The PDT won elections, and Rousseff held a series of jobs as an adviser and bureaucrat at the local and state level. In 1993 the state governor of Rio Grande do Sul appointed her secretary of energy.
She left that post the next year, as well as her relationship with Araujo after discovering another woman was pregnant with his child. They reconciled two years later but broke up again in 2000.
Without having completed her master's degree, Rousseff enrolled in a PhD program but that too was interrupted. In 1999 she was appointed to her old job, now called Secretary of Mines, Energy and Communications.
Jump to Workers' Party
The governor, Olivio Dutra, was from the Workers' Party but Rousseff was a member of the PDT. Her party leader, Brizola, pressed the PDT ministers in the state government to step down. Instead, Rousseff left the PDT and in 2001 joined the Workers' Party, led by Luiz Inacio Lula da Silva, best known by his nickname, Lula.
Dutra told Reuters in September that Rousseff had worked well with the private sector at extending the state's power grid and avoiding blackouts that plagued the rest of Brazil, but "nobody thought — not even her — that she would ever be a major candidate for anything."
Rousseff left government in 2002 to work on Lula's successful campaign for president. Once in office, he named her minister of mines and energy.
Brazilian President Luiz Inacio Lula da Silva shares a light moment with his Mines and Energy Minister, Dilma Rousseff, during a ceremony in Brasilia, Dec. 20, 2004. (Jamil Bittar/Reuters) In 2003 Brazil was still reeling from electricity shortages, caused by a drought that affected hydroelectric dams and by decades of underinvestment in energy sources. Electricity rationing was widespread.
Rousseff had frequent clashes with Environment Minister Marina Silva, as Rousseff sought successfully to increase Brazil's power capacity. Silva ran against Rousseff for president in the first round of voting, as the candidate of the Green Party.
Chief of staff
In 2005 a scandal forced the resignation of Lula's chief of staff, and he appointed Rousseff to that post. A few years later speculation began that Rousseff would be Lula's choice to succeed him as president.

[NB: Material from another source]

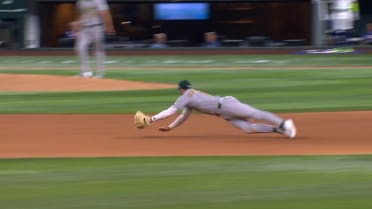 Max Schuemann's diving play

Dilma Rousseff, then the Brazilian president's chief of staff, shows her natural hair, after undergoing cancer treatment, during a launching ceremony of the Human Rights National Program in Brasilia, Dec. 21, 2009. (Roberto Jayme/Reuters) Then in 2009 Rousseff was diagnosed with lymphoma, which was treated with chemotherapy. After tests in August, cancer specialists in Sao Paulo pronounced her "cured of the lymphoma."
Rousseff told Reuters that Lula started to "joke around" about the possibility of her presidential run. This, she said, is "the only way that someone who is not thinking about becoming a candidate will get used to the idea."
In February, she began her first run for elected office. With little name recognition and without experience as a candidate, her campaign presented her as the one to continue Lula's largely market-friendly policies and social welfare programs. She told voters that she was "going to follow Lula's path."
Lula — prevented by Brazil's constitution from seeking a third presidential term — remains hugely popular and frequently campaigned with Rousseff.
There is little expectation that Rousseff as president will be as popular as Lula, and her many challenges include continuing the tremendous economic growth that Brazil has been experiencing.
Rousseff's inauguration happens Jan. 1.